A sole proprietorship is the most common form of business type or company type and the easiest to understand and set up. Nevertheless, the owner is personally responsible for all financial obligations of the business and may not be treated as a separate entity. There is no legal division between the owner and the business, and so, the sole proprietorship may dissolve upon the death of its owner, and substantial debts can be passed on to family members.
A partnership has two or more owners that will share the earnings and losses of the company. A business with this structure does not assume the tax liability but are "passed through" to partners to account on their personal income tax returns. Like sole proprietorship, each partner is also personally liable for the financial obligations of the business and may dissolve upon the death of its owners, but the ownership can be passed to family members. Depending on the agreement signed by the partners, ownership may or may not be sold to anyone else.
A corporation is a legal entity separate from the founders, shareholders, and officers. Like an individual, corporations are taxed and held responsible for its actions, hence the avoidance of personal liabilities. Corporations require extensive maintenance of records and documents. C corporations can be subject to double taxation while S corporation (or Subchapter corporation) prevents this by passing through the income and losses on individual tax returns.

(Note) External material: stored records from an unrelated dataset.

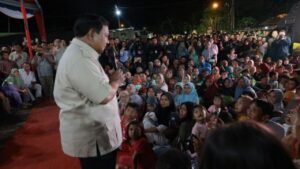 Prabowo Temui Pengungsi di Tapanuli Selatan: Negara Hadir, Rakyat Tak Ditinggal
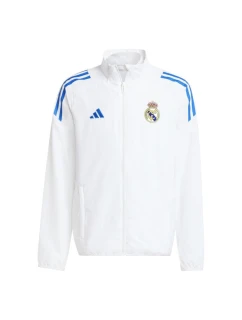 Juniorská bunda Real Madrid EU JP4021 bílá - Adidas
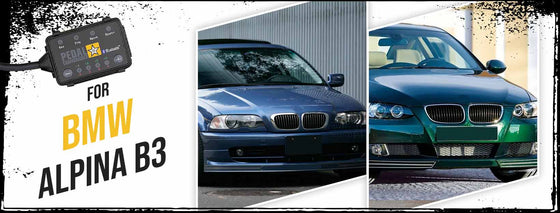 
Pedal Commander® for BMW Alpina B3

Forming an S corporation is only applicable to US citizens.
To further explain how C corporations are taxed, they do not pay taxes on every dollar earned because taxes are calculated after deducting all operating expenses first, reducing total taxable income. Shareholders in only get taxed if dividends are distributed to them by the company. If dividends are kept within the company and not distributed, then double taxation does not apply.
Despite of double taxation, this business type or company type is a popular choice because it allows the company to easily generate capital by selling shares or stocks to investors. The number of stocks can be expanded indefinitely at any time to generate more funds without relying on the help of financial institutions.
Corporations are perpetual, which means that death of founders or shareholders will not affect the corporation as it is a legally separate entity.
Limited Liability Company or LLC
A limited liability company or LLC has the benefits of both the corporations and partnerships. The earnings and losses are passed through to individuals instead of the business itself, and at the same time, the owners are not personally liable for the obligations of the business.
The IRS treats single-owner LLCs as sole proprietorships which means single-owner LLCs do not pay corporate taxes and do not have to file a return. The owners of single-member LLCs must report all profits and losses on individual income tax returns.
Multi-owner LLCs are treated as partnerships. Multi-owner LLCs do not pay taxes on business income. Each owner or member of the LLC pay taxes on their portion of profits on their personal income tax returns. Unlike C corporations, owners get taxed regardless if the profit has been distributed or not.
Like corporations, LLCs can survive beyond the death of its owners by inserting a provision in your operating agreement that indicates transfer of ownership to a family member or another person (or organization).
Professional Limited Liability Company or PLLC
A professional LLC or PLLC is only available to some licensed professionals. Some states prohibit licensed professionals to form an LLC, and form a PLLC instead. The requirements and rules vary per state but in general the professions allowed to form PLLCs are lawyers, doctors, engineers, and accountants. Owners of PLLC enjoy the same benefits as LLC except it does not protect individual members from malpractice filed against them, however, they are not liable for each other’s malpractice.